* THE PROBLEM
In the listing that follows, find the line with "Düstere Geschichten 2, R. P. Ritter", then copy exactly from it through the line with "Be The Light T-shirt", leaving out every picture.

* RECORDS TO PROCESS
*** Block opens ***
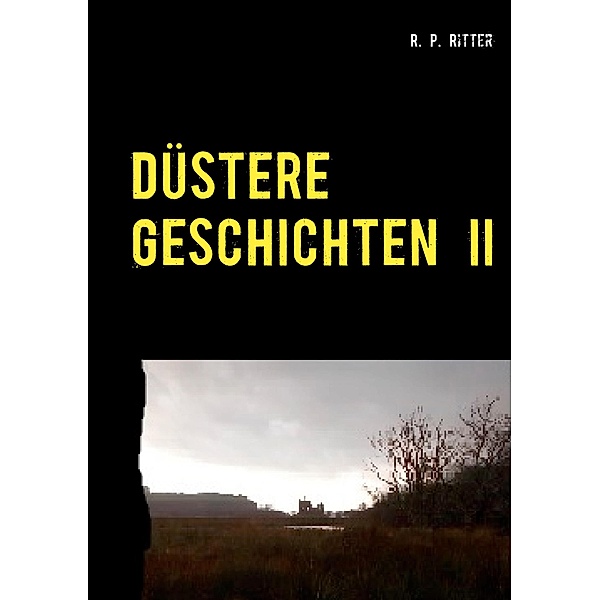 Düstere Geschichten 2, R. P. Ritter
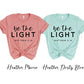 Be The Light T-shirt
*** Block closes ***
*** Block opens ***
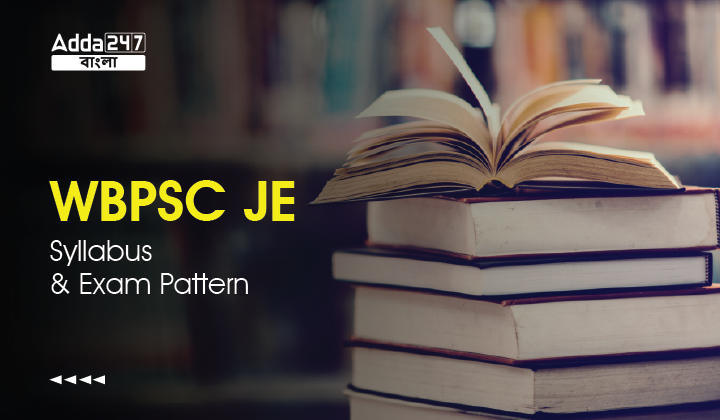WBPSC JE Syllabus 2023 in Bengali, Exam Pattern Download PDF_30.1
*** Block closes ***
*** Block opens ***
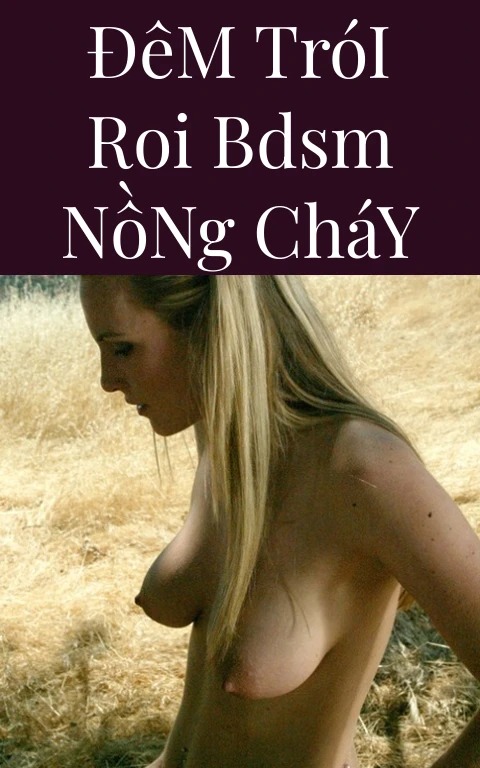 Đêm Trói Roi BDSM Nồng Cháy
*** Block closes ***
* SOLUTION FOR THIS TASK
 Düstere Geschichten 2, R. P. Ritter
 Be The Light T-shirt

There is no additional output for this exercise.